Josef Karl Nerud attended the technical school for glass painting in Zwiesel . He studied from 1921 to 1927 at the State Academy of Fine Arts in Munich , where after three semesters as a master student of Carl Johann Becker-Gundahl he got his own studio.

In 1929 Nerud went to the Juryfrei , an artist group that offered hitherto little known or recognized artists the opportunity to exhibit and sell their works. There he developed into an artist who had a formative effect on the group and who had numerous exhibitions. Nerud was one of the strongest characters of the jury-free group due to his idiosyncratic colors and expressiveness, along with Josef Scharl and Wolf Panizza. He exhibits at Thannhauser and in the Graphisches Kabinett in Munich; his collective exhibitions and the exhibitions of the artist group in the Glaspalast, in Germany's major cities and abroad, in which he eagerly participated, gave his name an early sound. Many oil paintings and watercolors grapple with the closest, with motifs of daily life, the hometown and the Lower Bavarian landscape, which was never neglected even in later years.

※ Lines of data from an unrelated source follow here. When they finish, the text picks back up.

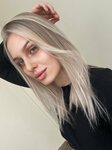 Irina Lanskaya Studio (Tsentralny Microdistrict, ulitsa Pobedy, 14Б), salón de belleza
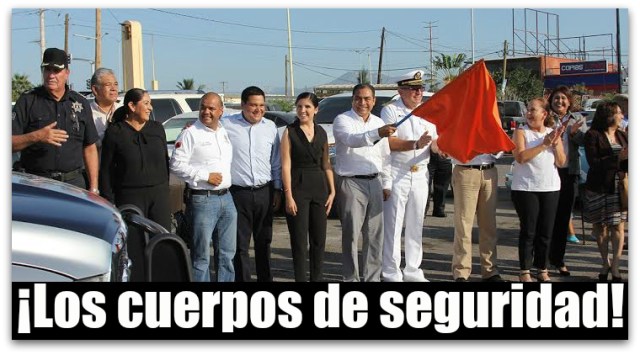 0 a operativo navidad segura en los cabos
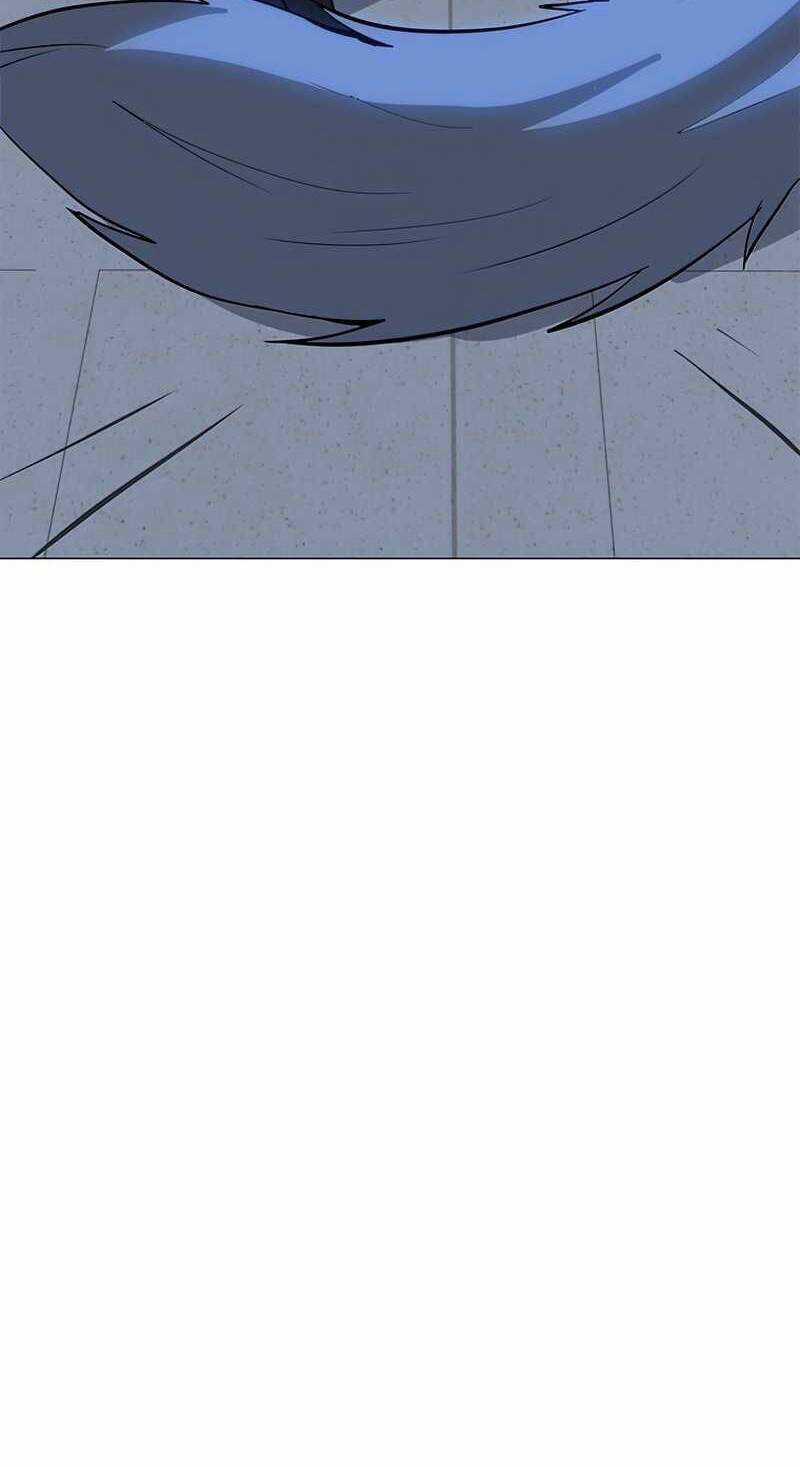 Tôi Là Người Chơi Thần Chú Đơn Độc Chapter 75 trang 51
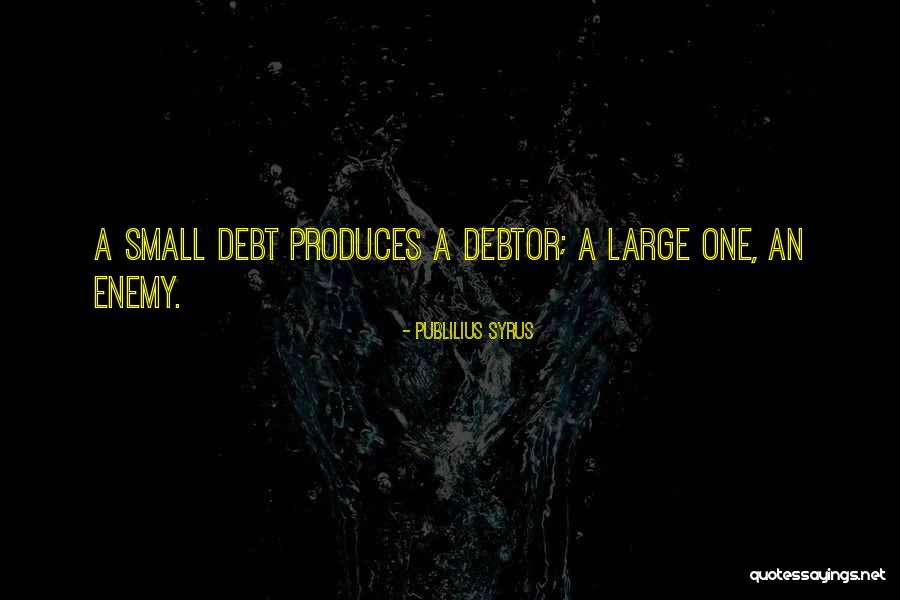 Slikarka Quotes By Publilius Syrus Slikarka Quotes By Publilius Syrus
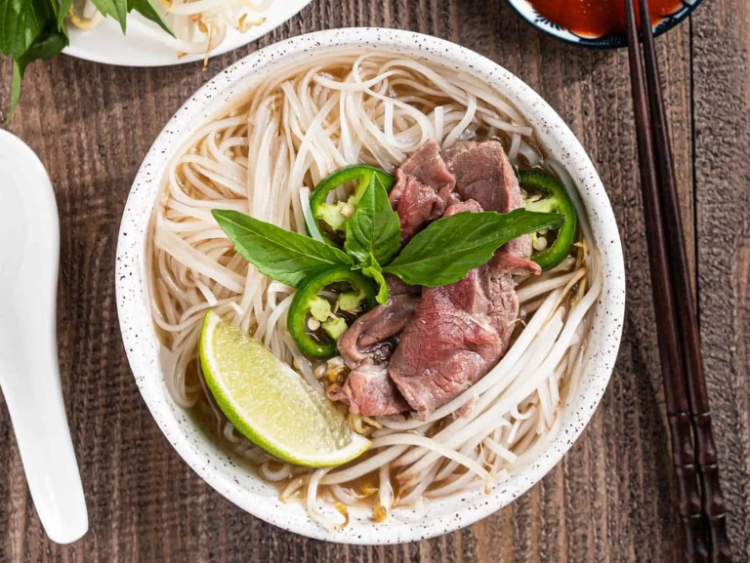 The Tiny Saigon slider image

The takeover of power by the National Socialists ended this phase. The year 1933 brought an abrupt end to the euphoric, forward-looking hustle and bustle of the jury-free time. The Reich Chamber of Culture Act of September 22nd gave the artist the choice between participating or emigrating. Nerud chose inner emigration . Living in secrecy, as it were, with a change of residence between Simbach, Klingenbrunn in the Bavarian Forest and Kutterling near Brannenburg, he renounced public recognition, but continued on his own path with tenacity. Portraits in the 20s and 30s of Simbach personalities such as B. Ferdinand Aufschläger, Josef Hellmannsberger, Johann Gerngroß, self-portraits, portraits of his wife Annemarie and portraits of friends and relatives played an important role for JKNerud.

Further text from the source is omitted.